→ **Work item**
The lines below, beginning at the one that contains "Procédure d&rsquo;appel : le" and ending at the last, are to be retyped exactly.

→ **Data listing**
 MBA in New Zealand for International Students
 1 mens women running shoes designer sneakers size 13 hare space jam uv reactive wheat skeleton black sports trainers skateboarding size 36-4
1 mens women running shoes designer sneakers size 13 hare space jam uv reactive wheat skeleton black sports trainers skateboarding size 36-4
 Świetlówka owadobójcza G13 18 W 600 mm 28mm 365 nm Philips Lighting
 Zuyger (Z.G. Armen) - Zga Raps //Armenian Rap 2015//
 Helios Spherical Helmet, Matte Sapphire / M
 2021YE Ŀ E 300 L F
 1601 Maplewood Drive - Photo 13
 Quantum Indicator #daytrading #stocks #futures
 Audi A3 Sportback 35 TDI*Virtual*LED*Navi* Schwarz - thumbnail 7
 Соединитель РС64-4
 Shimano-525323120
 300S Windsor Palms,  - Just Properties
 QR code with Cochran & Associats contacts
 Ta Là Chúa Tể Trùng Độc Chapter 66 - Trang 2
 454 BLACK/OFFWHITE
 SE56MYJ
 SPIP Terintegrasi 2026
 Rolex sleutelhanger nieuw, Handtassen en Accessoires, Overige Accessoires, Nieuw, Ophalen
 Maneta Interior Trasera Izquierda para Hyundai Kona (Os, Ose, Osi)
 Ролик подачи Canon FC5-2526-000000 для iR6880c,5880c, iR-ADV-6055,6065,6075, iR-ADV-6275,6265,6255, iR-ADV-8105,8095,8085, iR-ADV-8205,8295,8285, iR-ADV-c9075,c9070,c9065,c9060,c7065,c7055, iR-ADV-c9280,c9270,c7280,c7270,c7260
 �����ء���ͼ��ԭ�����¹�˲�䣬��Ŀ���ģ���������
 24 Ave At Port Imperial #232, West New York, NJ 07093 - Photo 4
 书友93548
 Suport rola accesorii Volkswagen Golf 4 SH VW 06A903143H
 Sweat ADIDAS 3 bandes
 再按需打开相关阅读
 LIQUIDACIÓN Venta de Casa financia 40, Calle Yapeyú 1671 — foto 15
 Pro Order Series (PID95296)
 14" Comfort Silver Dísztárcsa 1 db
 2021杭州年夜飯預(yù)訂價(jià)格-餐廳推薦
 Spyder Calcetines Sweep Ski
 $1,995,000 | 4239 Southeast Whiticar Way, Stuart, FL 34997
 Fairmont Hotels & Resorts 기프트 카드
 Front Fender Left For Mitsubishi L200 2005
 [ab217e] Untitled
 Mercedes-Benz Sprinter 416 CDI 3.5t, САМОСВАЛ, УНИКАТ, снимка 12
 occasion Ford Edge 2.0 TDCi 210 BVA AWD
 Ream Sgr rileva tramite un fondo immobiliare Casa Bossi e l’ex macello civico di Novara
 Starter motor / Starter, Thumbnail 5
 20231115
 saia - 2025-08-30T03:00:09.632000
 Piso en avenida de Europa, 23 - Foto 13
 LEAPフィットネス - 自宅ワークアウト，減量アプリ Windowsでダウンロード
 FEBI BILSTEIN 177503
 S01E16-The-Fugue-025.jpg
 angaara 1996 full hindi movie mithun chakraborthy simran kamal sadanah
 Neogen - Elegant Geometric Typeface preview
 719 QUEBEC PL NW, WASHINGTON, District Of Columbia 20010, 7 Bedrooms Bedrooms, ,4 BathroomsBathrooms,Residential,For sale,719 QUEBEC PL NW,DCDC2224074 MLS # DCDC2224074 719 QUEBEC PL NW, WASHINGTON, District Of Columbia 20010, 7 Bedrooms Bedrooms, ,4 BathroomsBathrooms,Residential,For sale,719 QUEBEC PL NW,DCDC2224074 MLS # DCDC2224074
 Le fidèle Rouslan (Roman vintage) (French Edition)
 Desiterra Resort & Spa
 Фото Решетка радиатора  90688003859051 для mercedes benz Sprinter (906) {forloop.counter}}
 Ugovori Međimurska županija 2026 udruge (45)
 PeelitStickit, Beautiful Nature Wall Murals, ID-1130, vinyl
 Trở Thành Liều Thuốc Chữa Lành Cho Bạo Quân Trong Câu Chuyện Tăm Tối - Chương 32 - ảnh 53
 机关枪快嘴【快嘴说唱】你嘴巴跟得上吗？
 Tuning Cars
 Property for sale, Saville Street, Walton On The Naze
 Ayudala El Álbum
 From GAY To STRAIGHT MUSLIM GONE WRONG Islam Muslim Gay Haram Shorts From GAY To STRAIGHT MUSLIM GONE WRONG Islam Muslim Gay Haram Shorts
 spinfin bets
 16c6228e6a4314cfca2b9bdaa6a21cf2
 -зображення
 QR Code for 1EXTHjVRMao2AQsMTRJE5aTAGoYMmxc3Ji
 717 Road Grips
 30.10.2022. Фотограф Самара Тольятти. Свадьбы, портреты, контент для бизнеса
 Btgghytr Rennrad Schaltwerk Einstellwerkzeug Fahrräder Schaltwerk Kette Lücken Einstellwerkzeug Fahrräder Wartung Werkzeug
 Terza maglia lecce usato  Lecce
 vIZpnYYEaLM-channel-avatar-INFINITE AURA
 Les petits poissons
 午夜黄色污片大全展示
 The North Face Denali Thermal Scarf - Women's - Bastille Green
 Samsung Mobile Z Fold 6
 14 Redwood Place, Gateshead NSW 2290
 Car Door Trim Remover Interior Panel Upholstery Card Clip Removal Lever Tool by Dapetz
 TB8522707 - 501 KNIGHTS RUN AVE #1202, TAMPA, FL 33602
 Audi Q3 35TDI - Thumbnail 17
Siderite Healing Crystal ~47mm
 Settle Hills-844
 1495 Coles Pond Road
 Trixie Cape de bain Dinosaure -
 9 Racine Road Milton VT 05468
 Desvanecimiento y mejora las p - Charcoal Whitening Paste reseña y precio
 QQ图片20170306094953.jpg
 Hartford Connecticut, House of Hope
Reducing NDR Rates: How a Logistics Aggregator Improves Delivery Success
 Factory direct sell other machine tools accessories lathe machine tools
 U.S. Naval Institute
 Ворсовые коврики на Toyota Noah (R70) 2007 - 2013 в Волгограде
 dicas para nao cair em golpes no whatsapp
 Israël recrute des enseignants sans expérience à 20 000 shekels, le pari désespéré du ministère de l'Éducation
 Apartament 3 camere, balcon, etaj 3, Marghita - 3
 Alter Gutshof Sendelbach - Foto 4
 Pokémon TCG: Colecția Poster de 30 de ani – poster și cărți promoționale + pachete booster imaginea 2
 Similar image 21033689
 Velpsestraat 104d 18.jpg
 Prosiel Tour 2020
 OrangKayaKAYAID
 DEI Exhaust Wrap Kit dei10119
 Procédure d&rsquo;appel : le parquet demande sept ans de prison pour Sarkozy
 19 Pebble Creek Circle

→ **Your solution**
 Procédure d&rsquo;appel : le parquet demande sept ans de prison pour Sarkozy
 19 Pebble Creek Circle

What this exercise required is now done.